2011-11-03 23:32:11 | アンビエント、その他

 ”三月のワルツ”by Takeo Toyama

 この盤に出会ったのは、いつものごとく深夜のネット徘徊の最中の事だった。「あ。このジャケの絵は好みだな」と、そのエキゾティックにくすんだ色調の、描かれたばかりのはずなのにもう古びている、みたいなタッチに興味を惹かれた。中に封入されている音楽もさぞかし。
 そのサイトでは盤の一部を試聴できる仕組みになっていたのでさっそくクリックしてみると、まさにこの絵の通りのピアノ・ソロが聞こえてきて、いっぺんで夢中になってしまったのだった。

 「欧州ワルツ」「気取り屋と野暮天」「五音階の屈折率」など、収められている曲名を並べてみると、加藤和彦の「ベル・エキセントリーク」あたりの続編みたいに見えてくる。実際、時代の流れに背を向け、逆向きに世界を巡る姿勢が、あの頃の加藤の姿とダブるような気もする。
 クラシックのようでそうでもなく、ジャズのようでそうでもなく。あまり接したことのないタイプのソロ・ピアノが紡いで行くのは、奇妙に歪んだ映像を映し出すセピア色の写真みたいな風景。

 子供の頃、寝汗の中で見た夢に出てきたような、懐かしいのだけれどいったいどこなのか分からない街角。時の止まったその街角に響く、聴き覚えがあるのだけれど、どこで聴いたのか思い出せないメロディ。
 ピアノの音に巻き起こされたモノクロの感傷は、気配だけ残して指の間をすり抜けて行く。あとに残るのは、もぬけの殻の映画の書割ばかり。

 調べてみるとピアノ弾きは、いつもはさまざまなジャンルの一癖もふた癖もある人々と共に斬新な音楽を作り出している人のようだ。そちらの音楽が好きになれる音楽かどうか私には分からないのだが、このアルバムのような摩訶不思議なソロピアノの音楽世界でたまらなく懐かしい見知らぬ街角に踏み迷う快感は、また味わってみたいものと思う。続編に期待したい。

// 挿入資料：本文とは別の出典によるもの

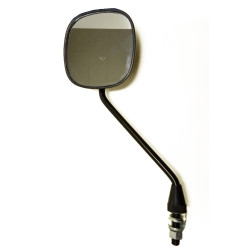 Rétroviseur Pivotant Vélo – Sécurité Accrue | MAXXUS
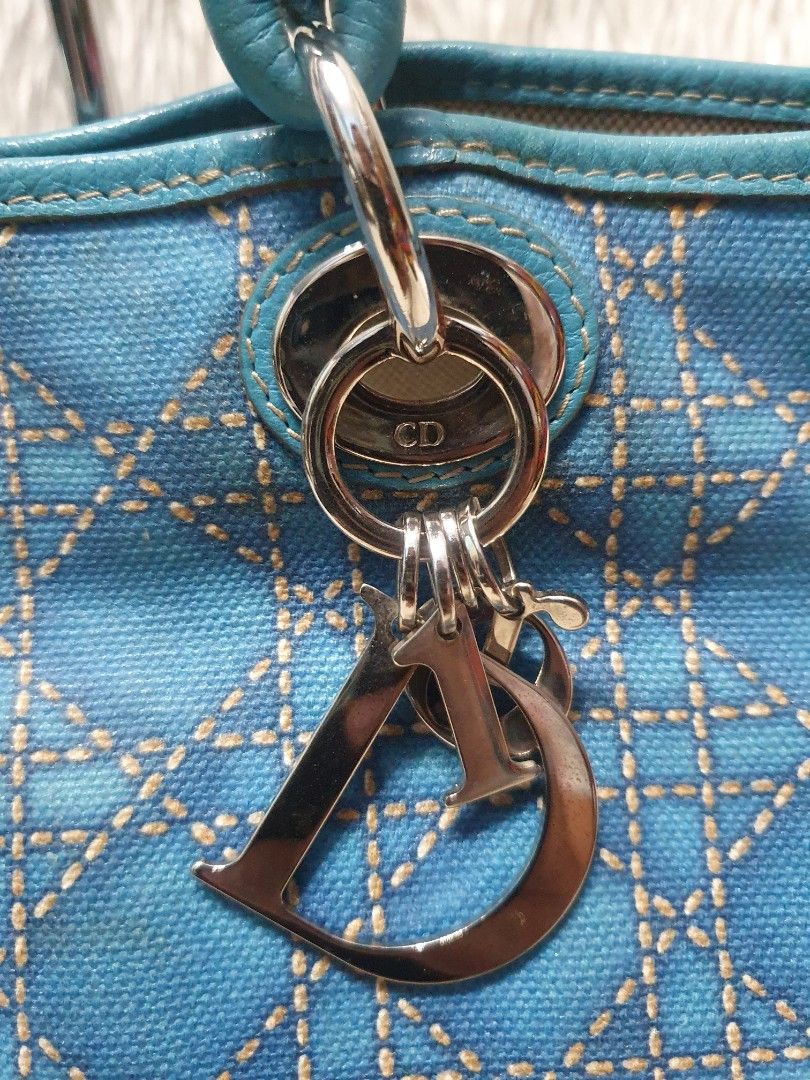 Christian Dior Canage print cherry Tote Bag Authentic (Category: Luxury Bags & Wallets) located in Malolos. Submitted by yamaguchionline (Listing ID 1209462087, Image 2). Description: New Arrival ❤️ Christian Dior Tote Authentic Made in Italy With Code Bought in Japan With Dustbag Preloved Please reapect my ads Thank You❤️.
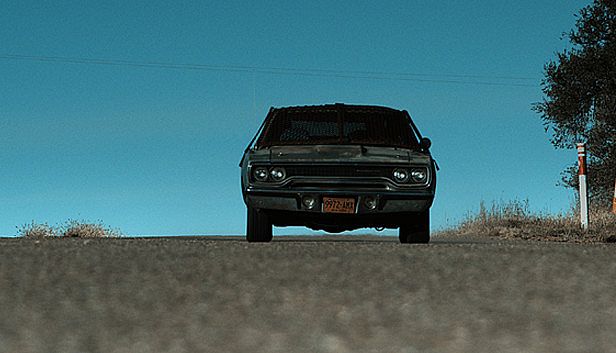 Daylight's End VR Edition - Chapter 1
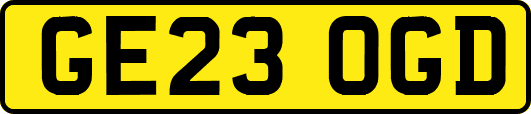 GE23OGD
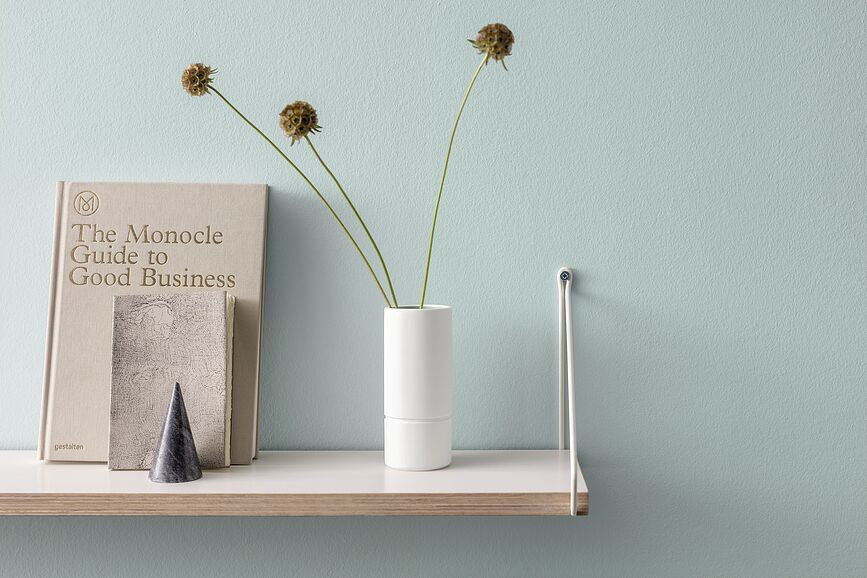 It's My Home Mineral Βάζο L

 You-tubeには、このアルバムの音は残念ながらあがっていなかった。仕方がないので参考までに同じ走者の別のセッションの記録を貼っておく。



風の渡る日に

2011-10-20 03:33:49 | アンビエント、その他

 ”風の輪郭”by 津田貴司

 この人の音楽は、どう紹介したらいいのか・・・さまざまな自然音や身の回りの何気ない物音をコンピューターで変調させて、それを絵の具代わりに音楽という絵を描くアーティスト、とでも言えばいいのか。

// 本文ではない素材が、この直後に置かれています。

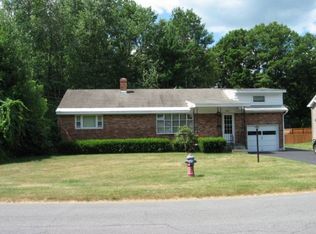 1080 Eugene Dr, Schenectady, NY 12303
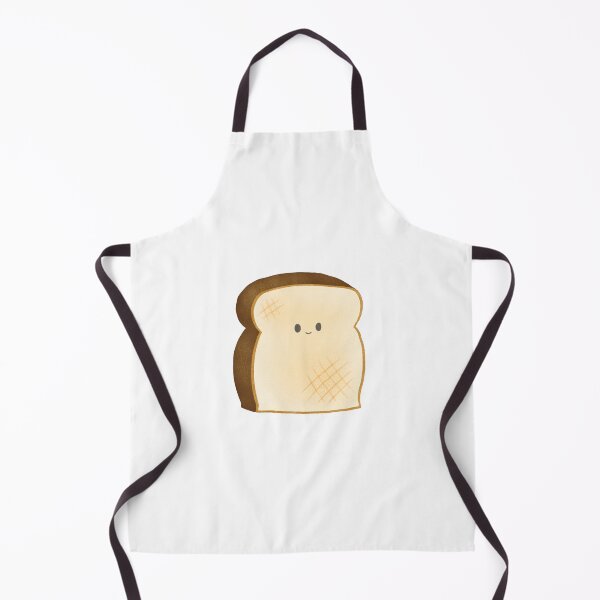 Item preview, Cute Bread - Bakery, Dessert, Breakfast designed and sold by NaNapolitano.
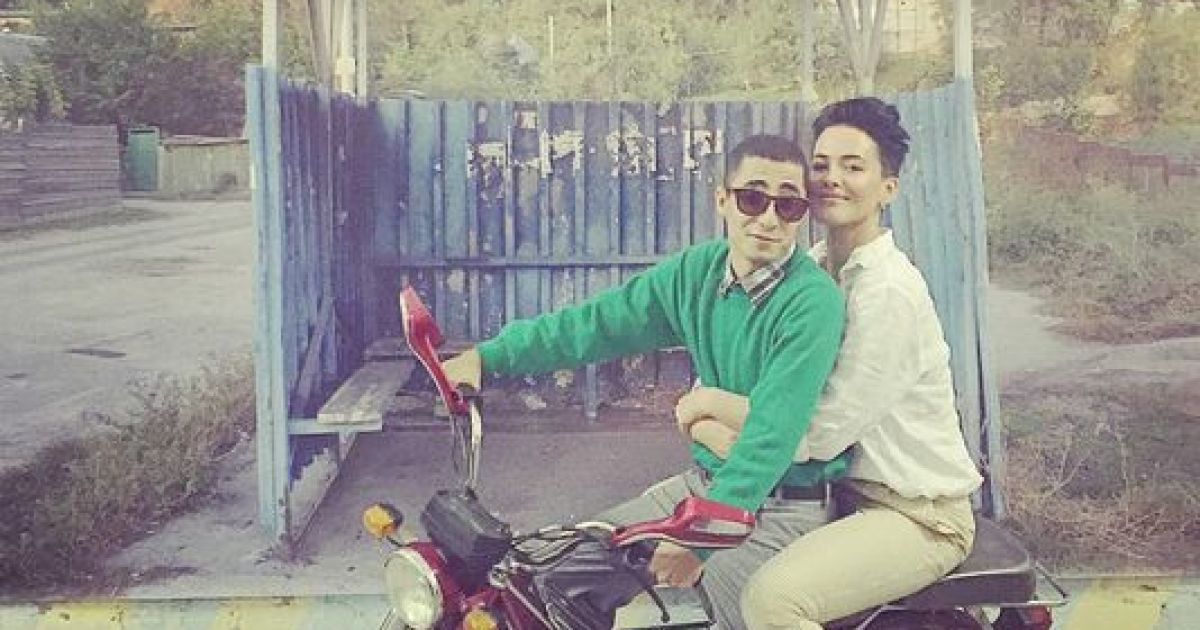 Даша Астафьева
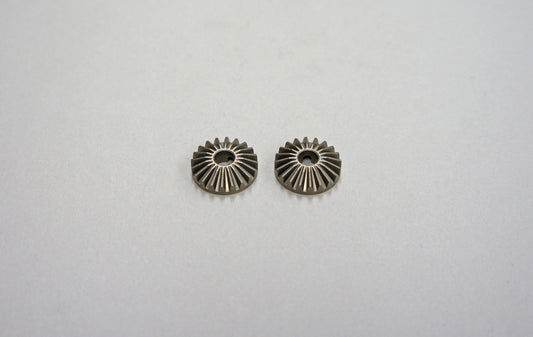 Mugen E2239 Diff. Gear 20T (HTD) 2pcs: MBX/MGT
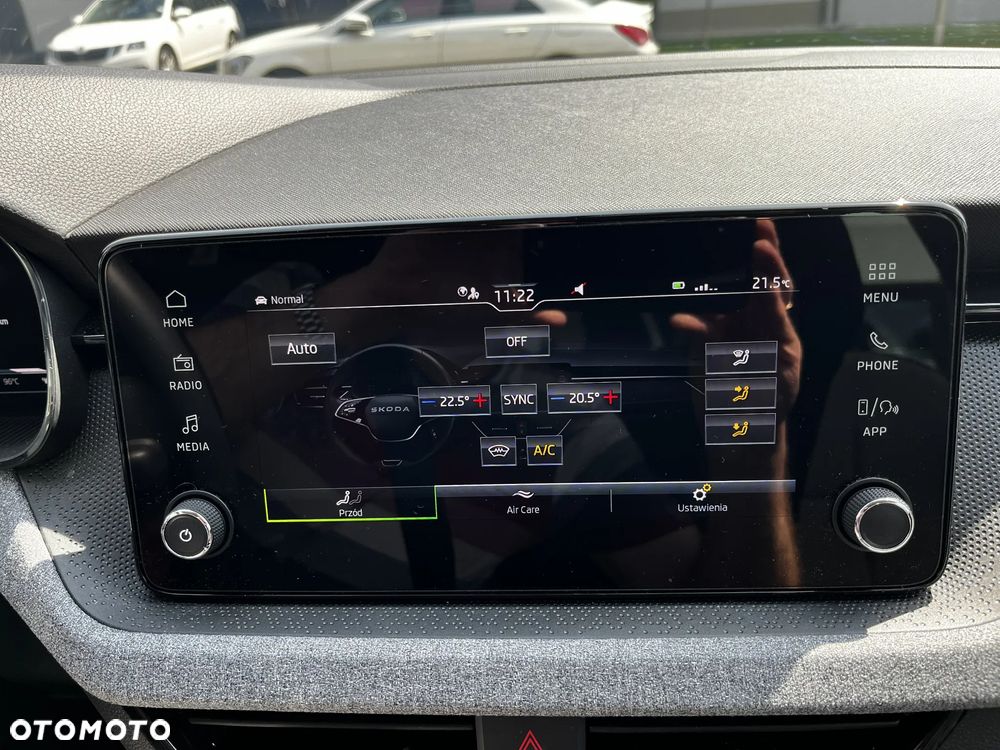 Skoda Kamiq 1.5 TSI Edition 130 DSG - 22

 このアルバムで彼は、”風”をテーマに音楽を描いている。
 生まれ、たゆたい、吹き抜け、淀み、走り抜ける空気の流れ。自在に姿を変える電子音の塊としての風は、キラキラ輝きながらその存在を歌う。そのありようは、まるで地球そのものの呼吸のようだ。

 作り物の電子音のはずなのに、心洗われるような瑞々しい響きがある。新鮮な果実のように豊富に水分を含み、脈打つ命の律動を感じる。なんなんだろう、この音楽は。
 おぼえて歌えるようなメロディなどどこにもないのに、聴く者の魂にスッと馴染んでしまう。太古からこの地上で鳴り渡っていた、大自然の歌うメロディのように。

 中盤、宙に浮かんだ大量のガラス瓶のような響きを立てる”風”が谷間を駆け抜け、大空に駆け上がって行くシーンが、たまらなく美しい。

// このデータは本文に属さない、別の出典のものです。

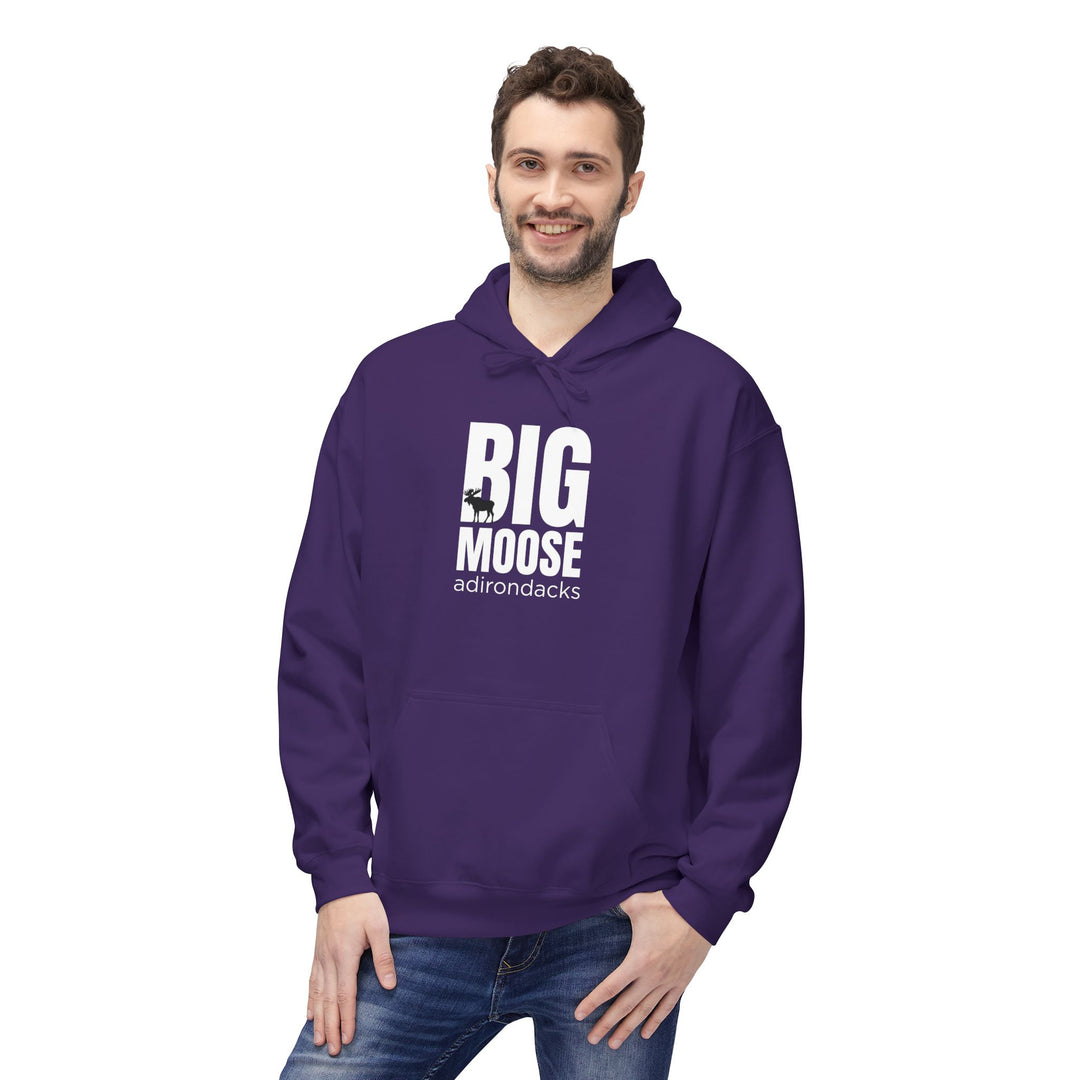 Big Moose ADK Hoodie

 こんなに皆に聴いてもらいたい音楽なのに、残念ながらYou-tubeには揚がっていない。しょうがないから、津田貴司の参加した音楽イベントの記録など、下に。まあ、このアルバムで聴ける音楽とは大分表情は違うのだが。





風と雨の向こう、アンドロメダまで

2011-09-21 01:50:56 | アンビエント、その他

 ”Hingus”by Sven Grunberg

 バルト三国はエストニアのシンセサイザー奏者、1981年度作品。もはや古典的名作でしょうか。まあ、いずれにせよ、マニアしか聴いちゃいない盤なんだが。
 なぜか分からないが、ひどい雨に降り込められた夜など、決まってシンセサイザー音楽を聴きたくなる。それも一人宅録でじっとり作り上げられたようなオタク臭の漂う奴が良い。

 さんざんへんてこりんな動きをした挙句、台風は本土上陸をすると決めたようで、今は関西方面に照準を定めている。紀伊半島あたりの大変な被害予測など訊くにつけても、中上健次の紀行文集、”紀州”など、もう一度読みたくなったりしている。いや、新宮とか那智勝浦とかの地名を聞くたびに中上の顔が浮かび、「俺って、そんなに中上のファンだったっけ?」と不思議になるが、何のことはない、私は中上とその作品を通じてしか紀州について知らないのだった。
 というわけで、夕刻から降り始めた極太の雨音と混ざり合うように、Sven Grunberg のシンセサイザーが鳴り続けている。

 シンセの機材に関する知識など、私にはないに等しいのだが、30年も前の作品となると演奏センスとともに、やや古めかしい部分も出て来ているのではないか。アタックを効かせて衝撃音を響かせる、あるいはミステリアスにメロディをうねらせる。そんな折々に、なにやら昔のSF映画を見ている時のような時代のずれを感ずる。それは辺地を行く蒸気機関車を見て「かっこいい」と感ずる感性があるように、この作品の、むしろ魅力となってはいるのだが。
 SF映画を連想してしまうのは、この印象的な星雲の天文写真をジャケに使っているからもあるのだが、ともかく硬質で透明感のある美学を芯に置いて描く音世界は遠方の星々に寄せる思いに良く似合う。このあたりは北国のミュージシャン独特の詩情かとも思うのだが。ともかく深々と鳴り渡る電子音が、果て知れぬ宇宙の暗黒を渡って行く冷え冷えとした美しさはたまらない。

 Sven Grunbergは東洋の文化に惹かれていたらしく、インド音楽や東洋思想にかかわる作品を書いたりしていたが、あまり露骨にその趣味が正面に出てこないのが趣味のよろしいところだろう。それでも、この作品にもやはり、アジアの民謡で使われる音階に近いものが所々に顔を出し、不思議なエキゾティック感をかもし出す。それが生み出す、ある種チャーミングな効果を、作者はどこまで自覚していたか。
 などと言っているうちに雨は上がっていたが、もちろん台風はこれからが本番なのである。さらに宇宙の旅を続けることとしよう。